Széchényi Rt had the palace built between 1911 and 1913 according to the plans of the architect László Székely. The building was intended for renting apartments on the upper floors, while the ground floor was reserved for shops. Székely's architectural office was located in this building. The architect Michael Wolf completed his professional practice in this office, who then took over the office from Székely. In the interwar period, Wolf was one of the most prominent architects of Timișoara.

From the beginning, the building had the central space on the ground floor intended as an eating place. If before the wars, until nationalization, an elegant bistro functioned there, after nationalization it turned into the self-service restaurant Expres. During the Revolution of December 1989, the scenes in front of the cathedral were filmed from a window of the building. Today, the ground floor houses numerous shops, as well as the Helios art gallery.

== Architecture ==
The four-story building is made in the 1900s style, presenting elements specific to the Secession movement. On the upper floors, there are portions that stick out, but being connected to each other by balconies, the corners are smoothed. These areas on the upper side end in triangular pediments with bas-relief.
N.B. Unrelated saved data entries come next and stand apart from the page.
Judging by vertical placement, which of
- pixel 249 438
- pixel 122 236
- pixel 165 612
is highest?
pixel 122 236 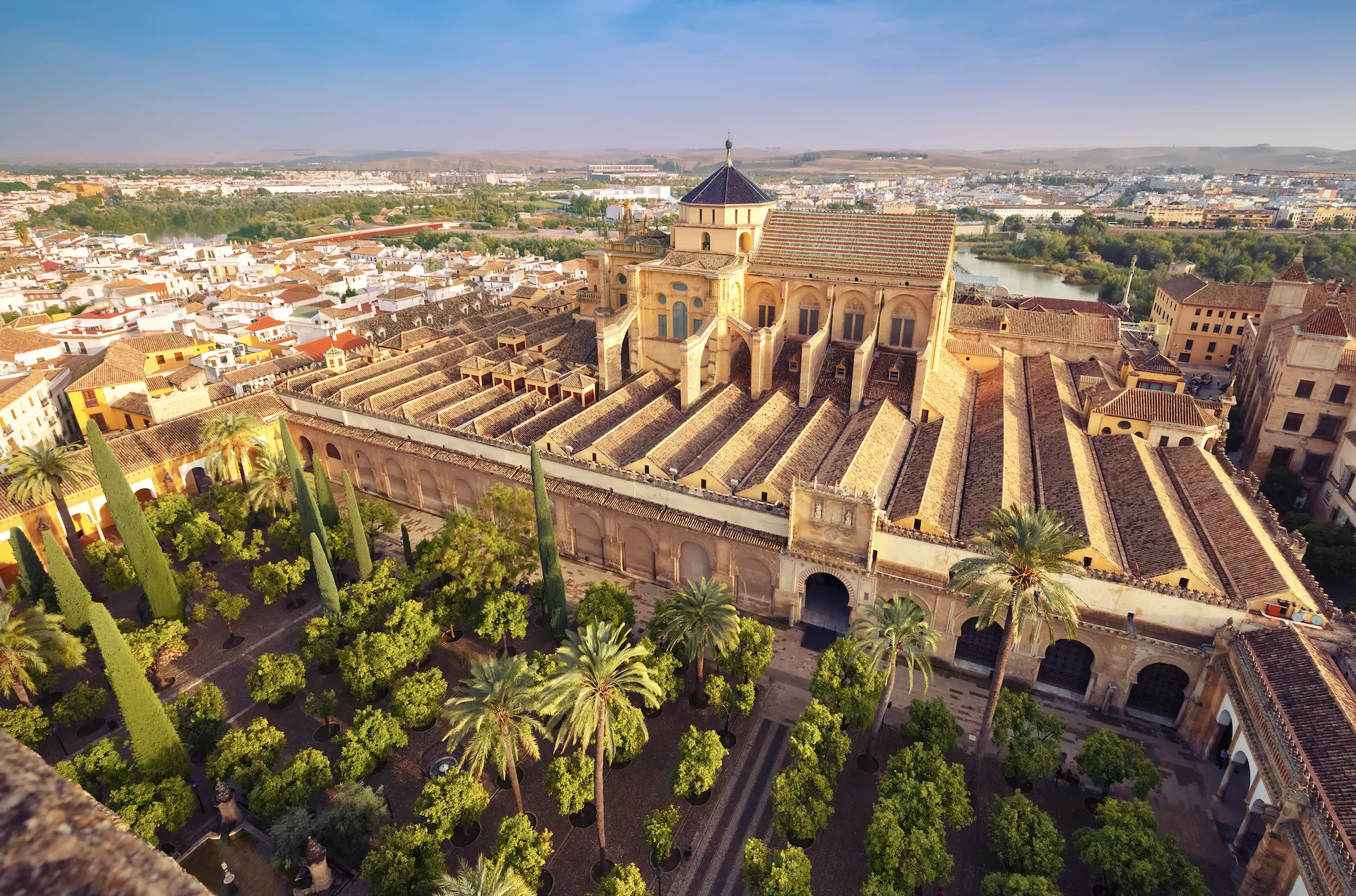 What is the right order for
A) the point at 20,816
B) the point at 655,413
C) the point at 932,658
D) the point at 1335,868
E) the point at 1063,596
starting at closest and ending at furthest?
the point at 20,816
the point at 1335,868
the point at 1063,596
the point at 932,658
the point at 655,413

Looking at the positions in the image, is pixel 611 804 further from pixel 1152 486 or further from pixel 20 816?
pixel 1152 486

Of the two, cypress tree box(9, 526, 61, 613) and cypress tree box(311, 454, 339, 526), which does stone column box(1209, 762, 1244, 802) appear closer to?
cypress tree box(311, 454, 339, 526)

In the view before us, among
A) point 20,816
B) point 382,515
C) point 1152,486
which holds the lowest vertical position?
point 382,515

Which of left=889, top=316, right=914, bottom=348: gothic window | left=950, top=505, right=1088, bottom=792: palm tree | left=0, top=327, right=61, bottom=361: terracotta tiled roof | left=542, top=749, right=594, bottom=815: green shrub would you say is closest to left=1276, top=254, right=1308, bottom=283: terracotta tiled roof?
left=889, top=316, right=914, bottom=348: gothic window

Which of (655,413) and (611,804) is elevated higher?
(655,413)

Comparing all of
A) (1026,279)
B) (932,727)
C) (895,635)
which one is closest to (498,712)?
(895,635)

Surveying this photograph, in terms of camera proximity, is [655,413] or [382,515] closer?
[382,515]

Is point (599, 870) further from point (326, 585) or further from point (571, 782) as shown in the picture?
point (326, 585)

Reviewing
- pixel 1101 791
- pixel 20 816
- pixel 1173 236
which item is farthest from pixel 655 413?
pixel 1173 236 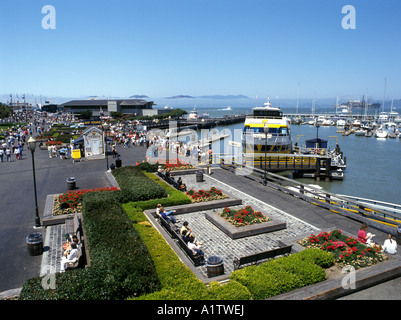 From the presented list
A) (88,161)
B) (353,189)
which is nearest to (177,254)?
(88,161)

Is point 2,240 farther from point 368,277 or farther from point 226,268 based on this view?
point 368,277

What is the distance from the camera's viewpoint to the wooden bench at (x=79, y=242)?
9.73m

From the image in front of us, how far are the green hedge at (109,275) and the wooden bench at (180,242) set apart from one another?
5.49ft

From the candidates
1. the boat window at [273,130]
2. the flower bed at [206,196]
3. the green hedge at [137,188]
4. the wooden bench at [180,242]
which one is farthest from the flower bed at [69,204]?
the boat window at [273,130]

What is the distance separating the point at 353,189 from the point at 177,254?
2590 cm

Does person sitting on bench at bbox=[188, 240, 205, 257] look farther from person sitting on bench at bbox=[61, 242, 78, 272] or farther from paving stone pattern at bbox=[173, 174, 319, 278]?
person sitting on bench at bbox=[61, 242, 78, 272]

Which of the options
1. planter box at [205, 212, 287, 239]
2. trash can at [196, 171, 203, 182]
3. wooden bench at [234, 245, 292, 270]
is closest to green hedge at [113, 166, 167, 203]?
trash can at [196, 171, 203, 182]

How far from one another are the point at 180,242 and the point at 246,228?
10.9 feet

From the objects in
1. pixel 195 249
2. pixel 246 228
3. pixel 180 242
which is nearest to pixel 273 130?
pixel 246 228

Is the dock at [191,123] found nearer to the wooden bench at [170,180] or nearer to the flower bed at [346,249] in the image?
the wooden bench at [170,180]

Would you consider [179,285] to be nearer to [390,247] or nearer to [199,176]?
[390,247]

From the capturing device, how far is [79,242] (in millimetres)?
11031

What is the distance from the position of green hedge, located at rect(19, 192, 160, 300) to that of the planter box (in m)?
4.30
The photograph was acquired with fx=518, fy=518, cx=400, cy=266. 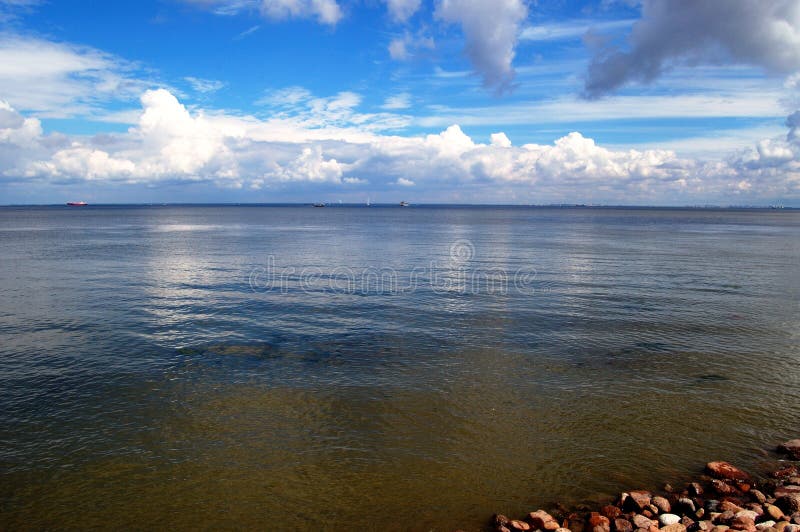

The corner of the building is provided with a tower.

Notable are the female figures on the ground floor, probably inspired by the so-called caryatids, which often framed the entrance portals in Vienna in Baroque (18th century), classicist (first half of the 19th century) and then historicist architecture (second half of the 19th century). These representations stand in contradiction with the evolved Secession of the period in which the Széchényi Palace appeared.